My setdefaulttimeout in python is not functioning

Need help, my setdefaulttimeout in python is not working. Please kindly help.

Please share your code so we can understand what you are doing.

@danpeters Just saying “it’s not working” does not give anyone any information to work from. Is there an error or exception? What is the error message? Or does it run, but give a different result than you expect? If so, in what specific way?
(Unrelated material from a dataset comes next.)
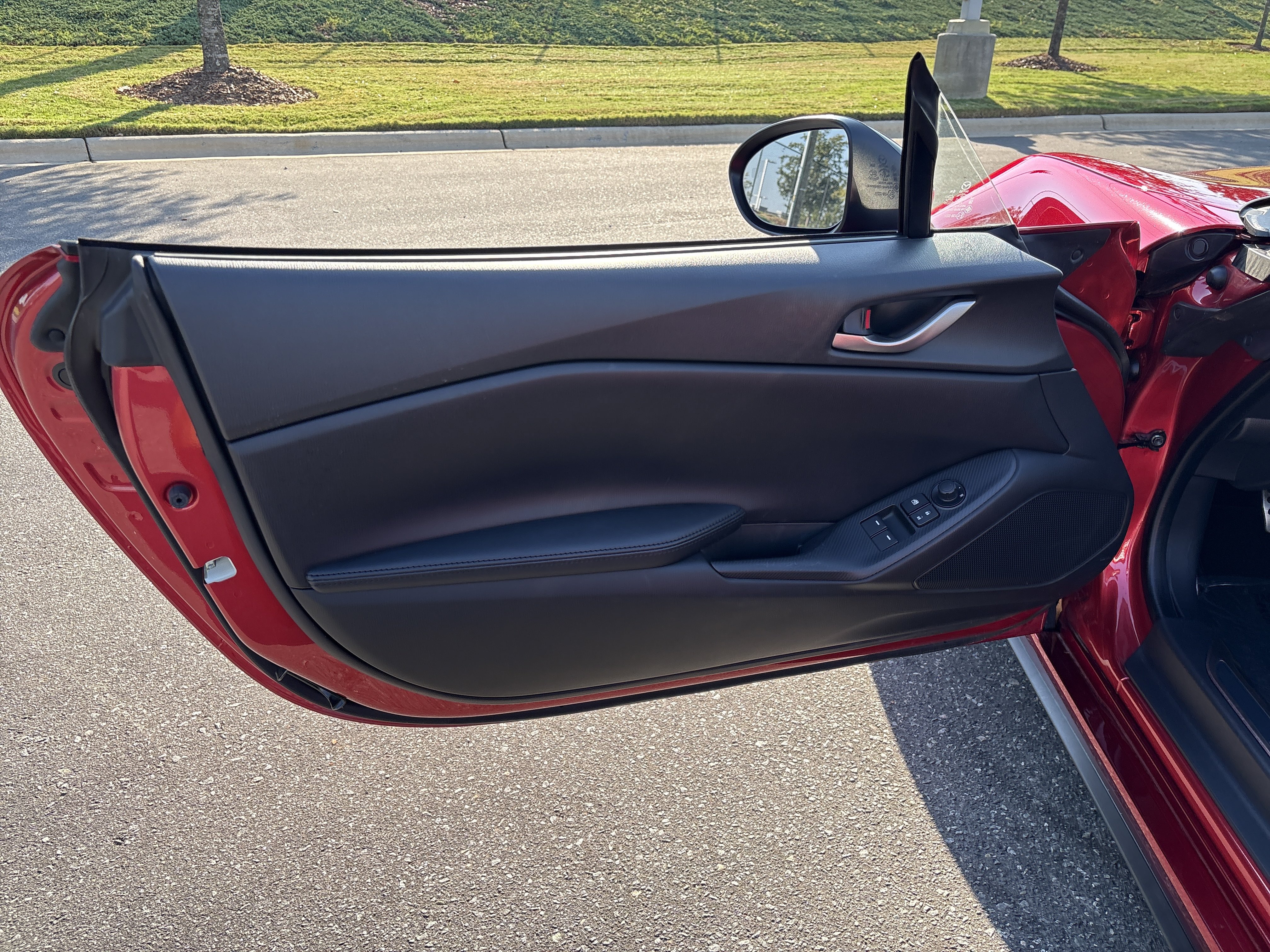 Used 2026 MAZDA MX-5 Miata Sport w/ Interior Package RWD image 15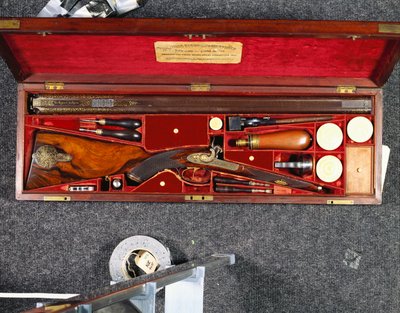 Zdobiony złotem 16-nabojowy karabin D.B. wykonany dla Nizama z Hajdarabadu, w mosiężnej mahoniowej walizce wyłożonej karmazynowym jedwabiem, ok. 1855 r. (jedwab, mahoń, stal, miedź) autorstwa Scottish School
It’s generally impossible to speculate without:

  • some actual code. ideally a Minimal Reproducing Example (also make sure to use code formatting)
  • a detailed description of your expectations, and how the results differs from those expectations

Below is my python code. When I run it, the setdefulttimeout seems not to be working because the program does not give any output at all. Pls someone should kindly help me.
Thanks.


#!/usr/bin/python

import socket 

sock = socket.socket(socket.AF_INET, socket.SOCK_STREAM)
socket.setdefaulttimeout(2)

host = input("Enter host: ")
port = int(input("Enter port: "))

def portscanner(port):
    if sock.connect((host,port)):
        print ("Port is closed.")
    else:
        print ("Port is open.")
portscanner(port)

Does this kind of thing work?

#!/usr/bin/python3

import socket

def portscanner(host, port):
    sock = socket.socket(socket.AF_INET, socket.SOCK_STREAM)
    socket.setdefaulttimeout(2)
    try:
        if sock.connect((host, port)):
            print(f"Port {port} is closed.")
        else:
            print(f"Port {port} is open.")
    except:
        print(f"Connection refused on port {port}")


host = input("Enter host: ")
for port in range(21, 81):
    portscanner(host, port)

Still no output.

Okay, well that scrip is working fine on my system, so maybe it’s more to do with your system, rather than an issue with Python, per se, so maybe it would be of help if you said what your system set-up is?

As a footnote: I’m running Python 3.6.9 on a Linux OS

To add:

Are you sure that the host is on-line and reachable?

I have this script that I use to check on a set range of IP addresses

import socket
import os

network_ip = ['192', '168', '1']
on_line = []
ping = ".".join(network_ip)

print("Starting ping scan...\n")
for host in range(1, 21):
    ip_address = '{}.{}'.format(ping, host)
    print(f"sending ping: {ip_address}")
    stream = os.popen(f'ping -c 2 {ip_address}')
    output = stream.read()
    if '0 received' in output:
        print(f"{ip_address} unreachable\n")
    else:
        print(f"{ip_address} reachable\n")
        on_line.append(ip_address)

print(f"Ping response from {len(on_line)} hosts:\n")
for ip in on_line:
    print(ip)
print("\nDone.\n")

… which you’ll need to customize so match your LAN


To add a little more…

Having done some testing, I can say that the socket.setdefaulttimeout() method is working on my system, in the script that I posted.

You create a socket that was a timeout of 0 then you set the default to 2.
That does not change the existing socket.

Either do this:

socket.setdefaulttimeout(2)
sock = socket.socket(socket.AF_INET, socket.SOCK_STREAM)

or what I tend to do is set all the properties I need on the created sock
and not reply on defaults. But then I write code with lots of sockets
with different policy for behaviors.

sock = socket.socket(socket.AF_INET, socket.SOCK_STREAM)
sock.settimeout(2)

Thanks for the reply. After trying the options I got the message below:

image.png

Daniel Peter

If you do not want the timeout to cause the program to quit prematurely you have to handle the exception. Enclose your connect between try and except:

try:
    ... # put your sock.connect() here
except TimeoutError:
    ... # put your timeout handling here

Timeout happens when you receive no response from the target - neither positive (connection established) nor negative (connection rejected).